How is Pokémon Go Collecting Data on its Users?
The release of Pokémon Go — an augmented reality game that has been developed for IOS and Andriod devices — brought with it a rock slide of nostalgia. 20 years after the first Pokémon game was released for Ninendo’s Game Boy, people can finally catch Pokémon against the backdrop of their local environments.
But while players are running around, hunting and capturing Pokémon, Niantic and Google — the two companies who teamed up to develop Pokémon Go — are hunting for data that can be harvested from players.
Pokémon Go records a player’s geospatial data: where you’ve been, how long you’ve been there, and at what speed you’re traveling. All this information can be used for various commercial purposes, such as location-aware advertising. If companies know where people are at certain times, they can send players advertisements for businesses in that area. It should be noted that Pokémon Go is not the first app to use geospatial data, and any map-based app has the capability to track users’ movements and monetize that information.
But Pokémon Go differs from other map-based apps because it does not just monitor a player’s movements; the game can influence where a player goes. By strategically placing in-game incentives that are tied to real-life landmarks, the game forces players to travel to physical locations. The fast food chain McDonald’s has sponsored Pokémon Go in Japan, and in return, McDonald’s had its 3,000 Japanese stores converted to Pokémon “gyms” — places where players can use their collected Pokémon and compete with other players.
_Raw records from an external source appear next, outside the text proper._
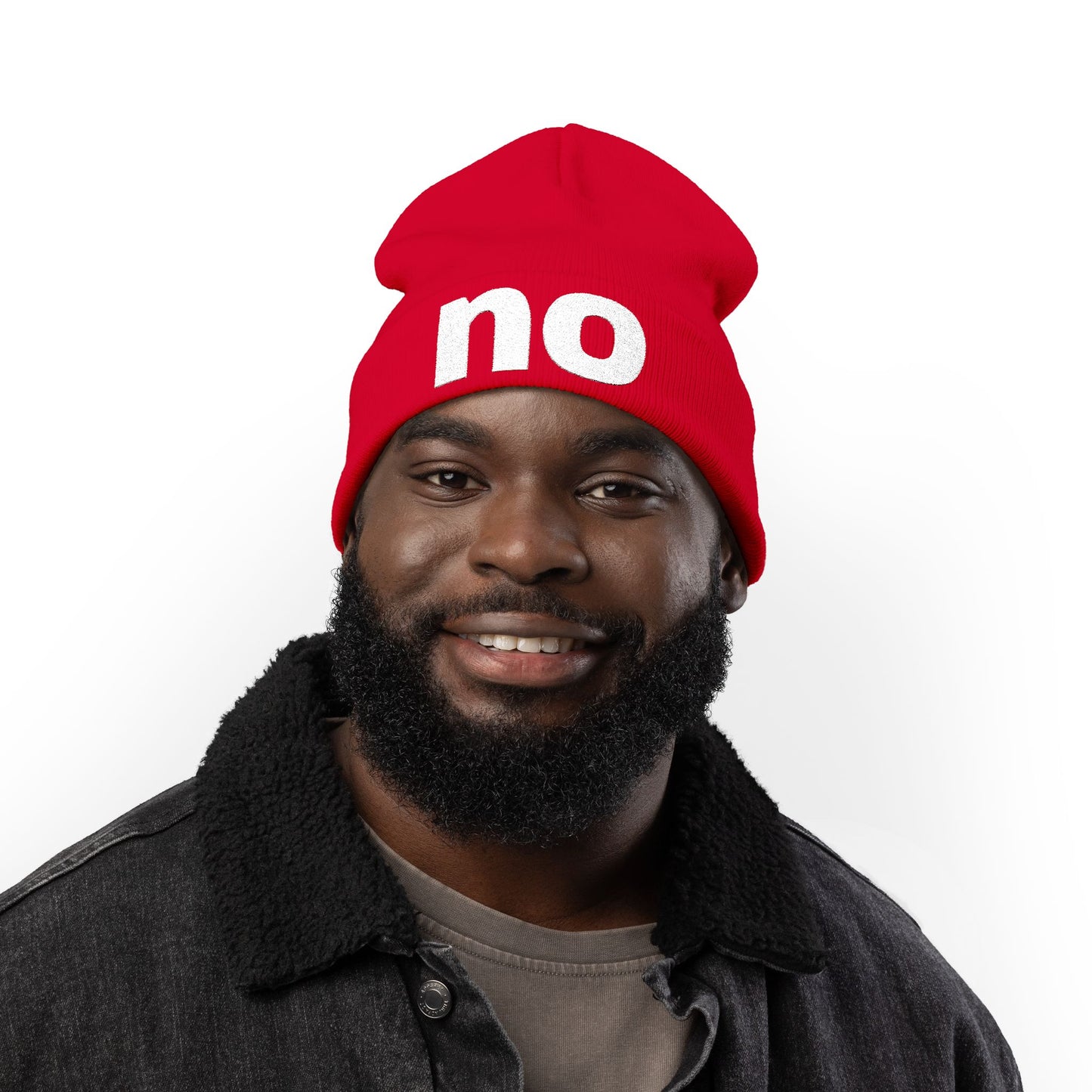Embroidered beanie with the word “no”.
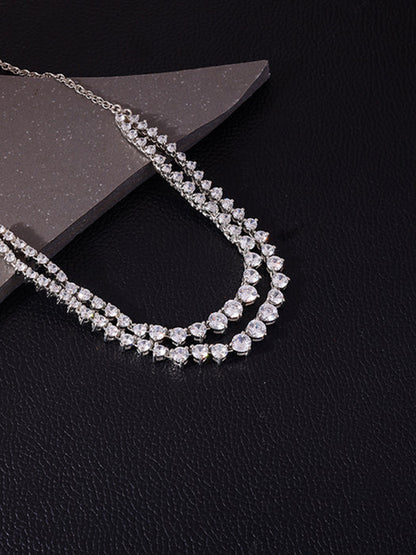 Silver Sparkling Solitaire Layered Necklace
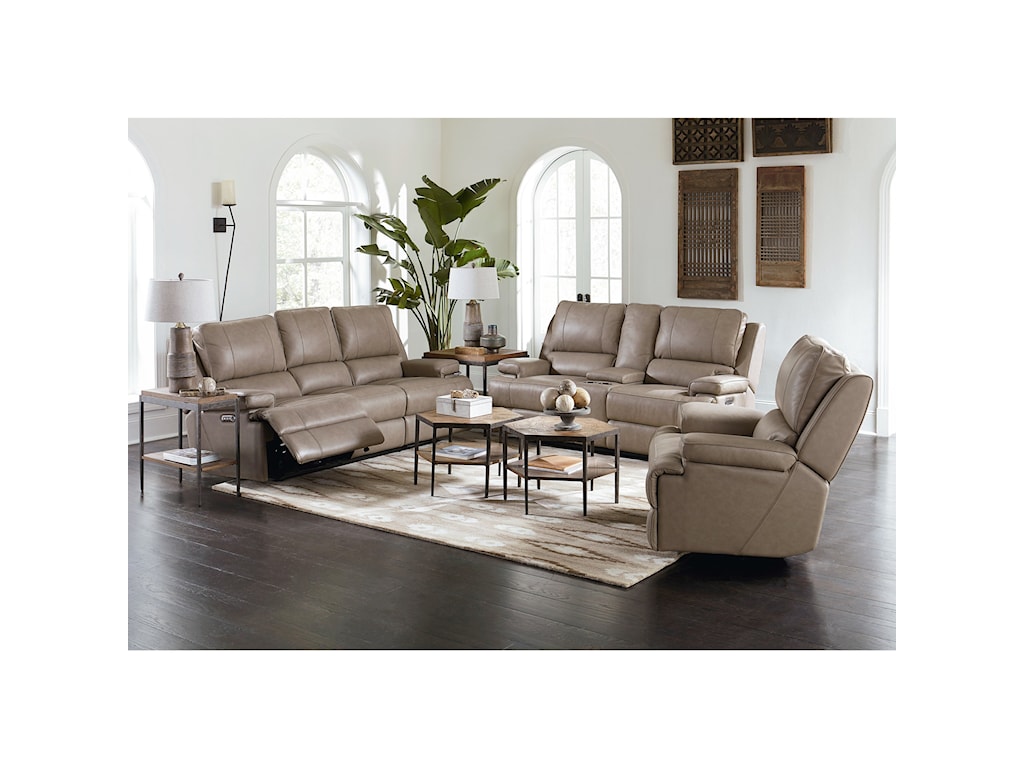 Bassett Parsons Club Level Double Reclining Console Loveseat With Power Headrests Howell Furniture Reclining Loveseats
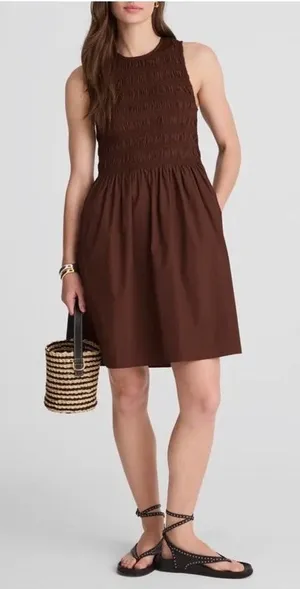 Madewell Brown The Melody Smocked Mini Dress Size XS NWT Cotton Poplin Summer thumbnail 1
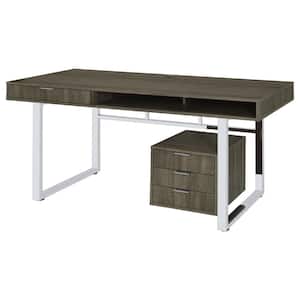 Whitman 65 in. W Weathered Gray 4-Drawer Writing Desk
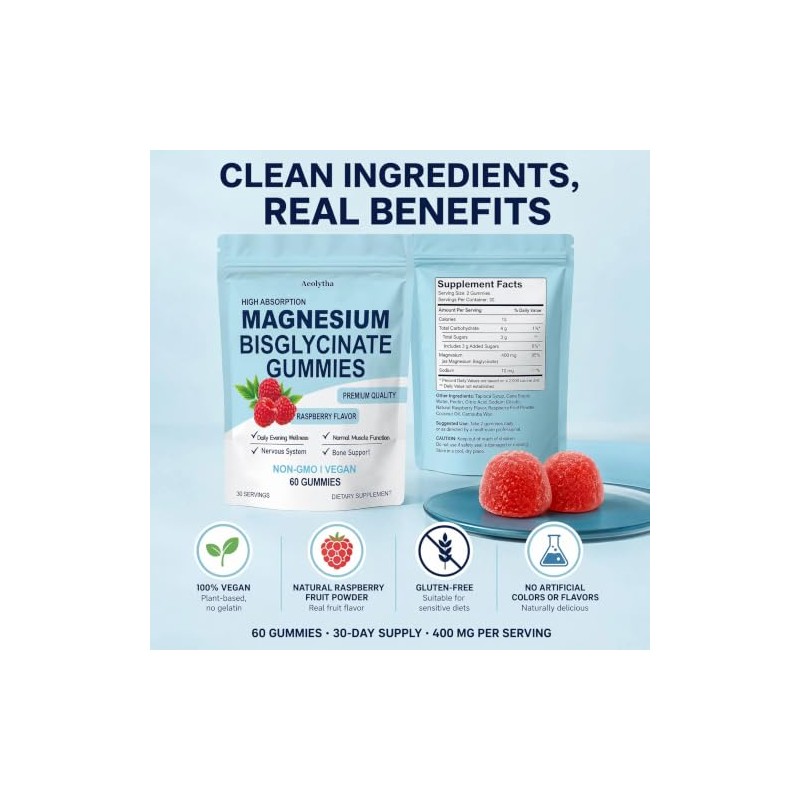 Magnesium Bisglycinate Gummies, High Absorption, Raspberry Flavour, Improved Sleep, Neural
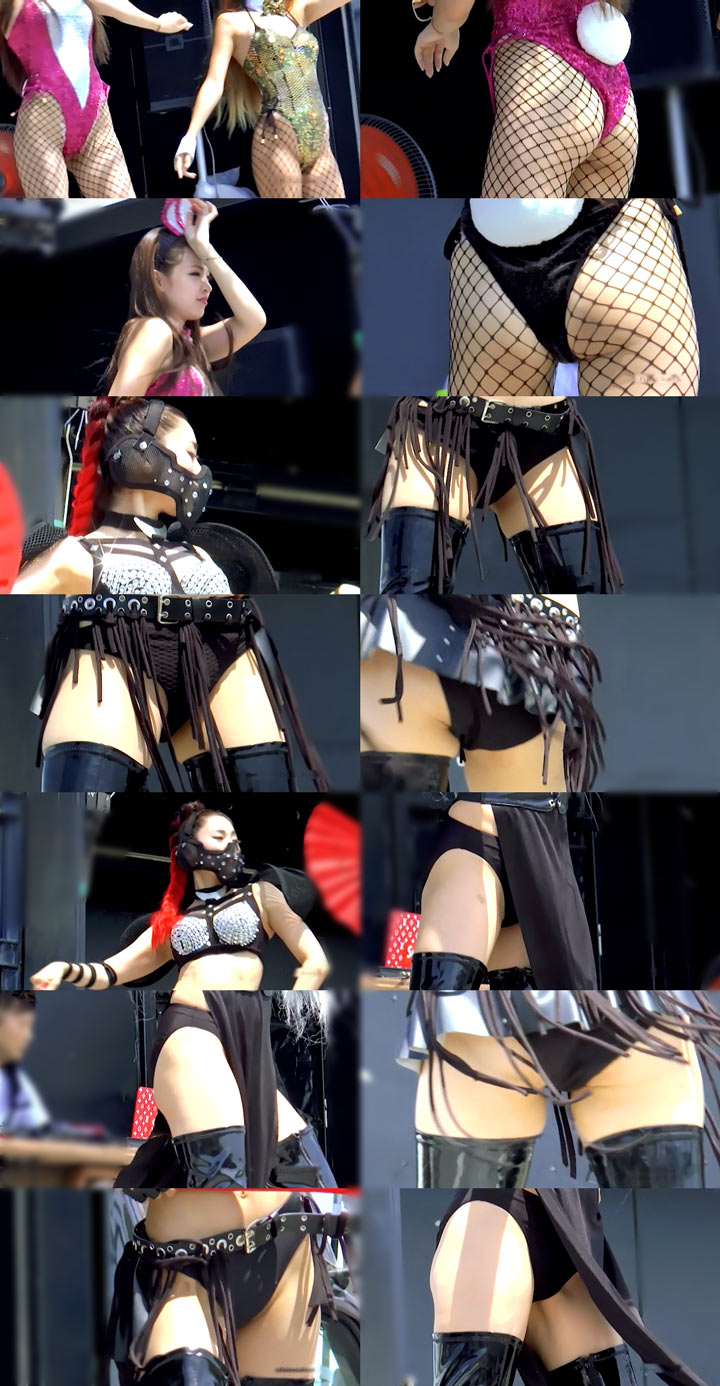 無料サンプル:バニー網タイツ美女クネクネレオタード美脚のセクシーダンスショー少しハプニング
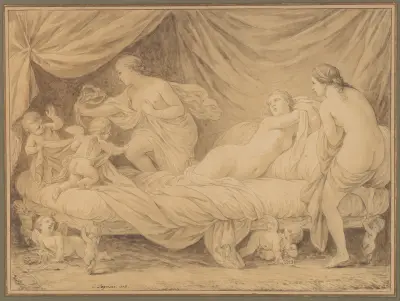 Les Grâces lutinées par les amours av Louis-Jean-François Lagrenée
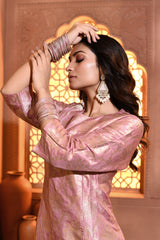 Pink Silver Floral Silk Kurta Set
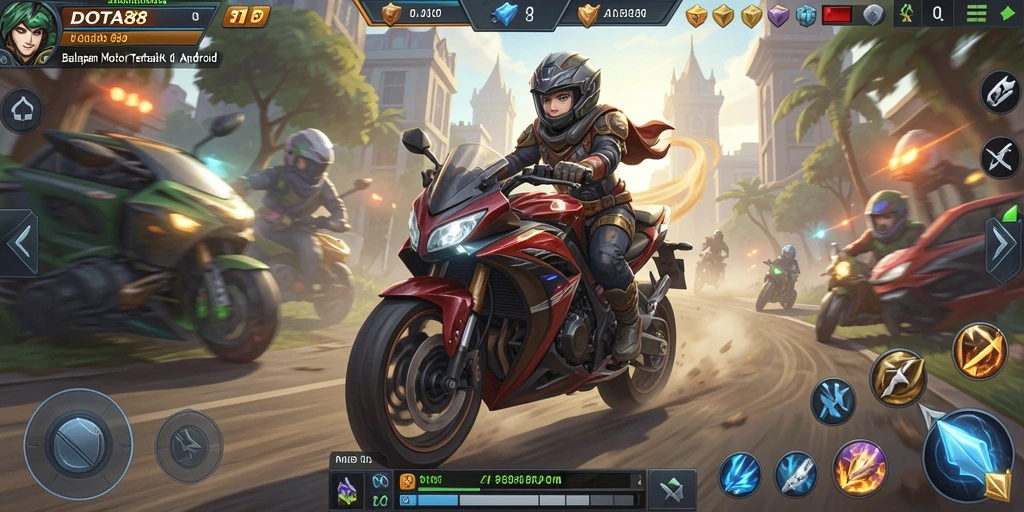 Tangkapan layar utama DOTA88 yang menunjukkan aksi balapan motor yang mendebarkan.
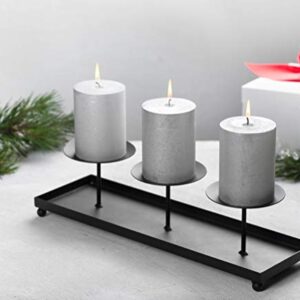 Candles Pillar Holder Tray Black Metal Base for Desk Top Decoration Table or Mantel Centerpiece in Dining & Living Room, Candelabra for Pillar & Sphere Candles, flameless LED (Set of 3)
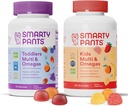 SmartyPants Toddler og Kids Multivitamin Gummies Bundle: Omega 3 Fish Oil (EPA / DHA), Vitamin D3, C, Vitamin B12, B6, A, K & Zink, Biotin, Gluten Free, Three Fruit Flavors (30 dages forsyning)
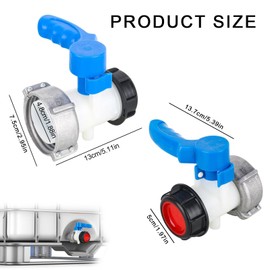 XCRPRT IBC Adapter Ball Valve, IBC Container Flap Valve DN50 75 mm, IBC Tank Accessories Tank Drain Valve, Stopcock, Outlet Valve, Flap Valve for IBC Container, Water Tank, Rain Butt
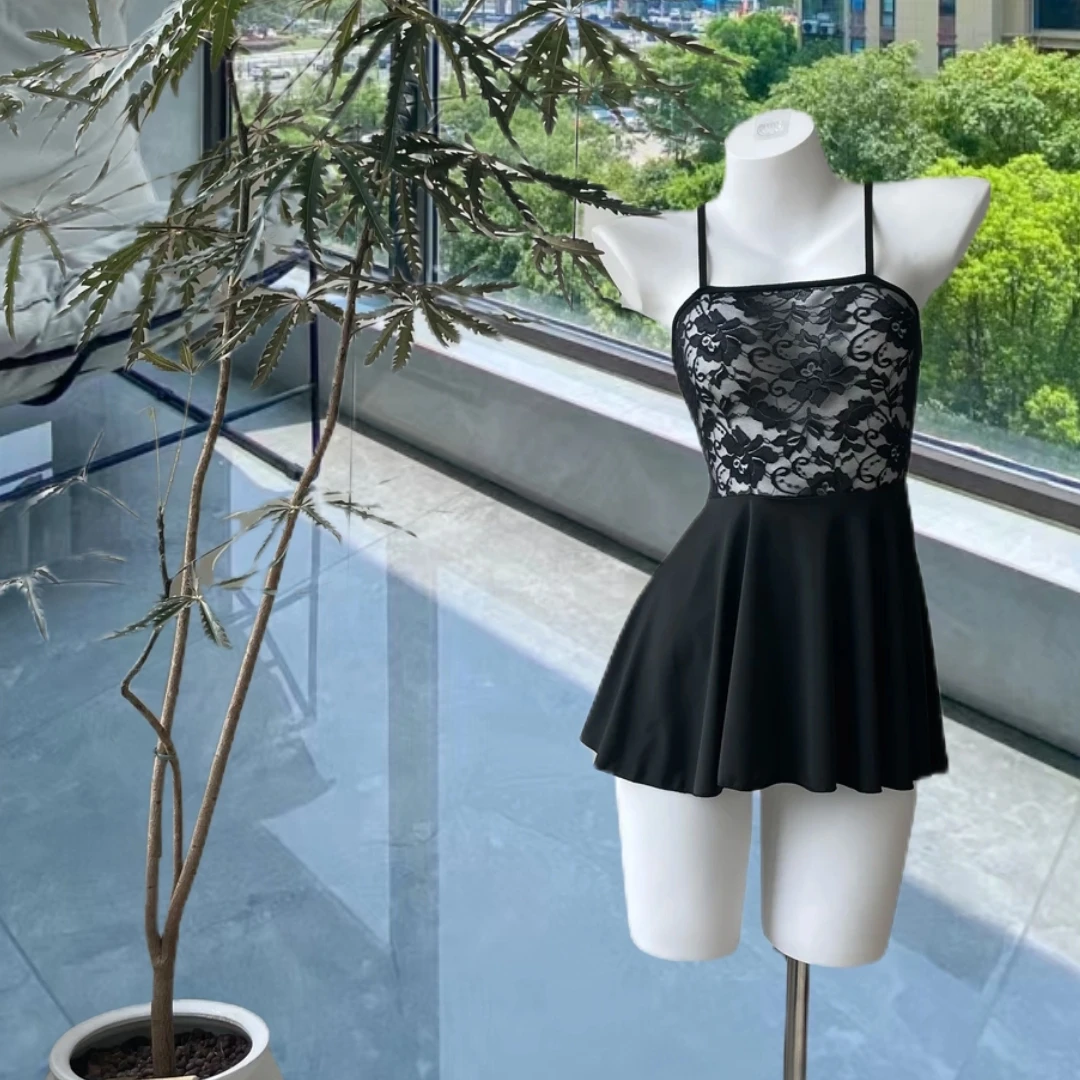 尤物睡衣2024款纯欲蕾丝吊带睡裙套装黑色包臀裙夏季显瘦吊带裙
Businesses in the United States and Europe are using similar lures, by paying to draw certain Pokémon to their locations for a brief period, as a way of luring more foot traffic. Currently, Niantic has been placing Pokémon gyms around public landmarks, but they could soon start franchising gym locations, in a similar way that has happened with McDonald’s in Japan.
So far, it’s safe to say that players are more than willing to trade in their personal data for a dose of nostalgia.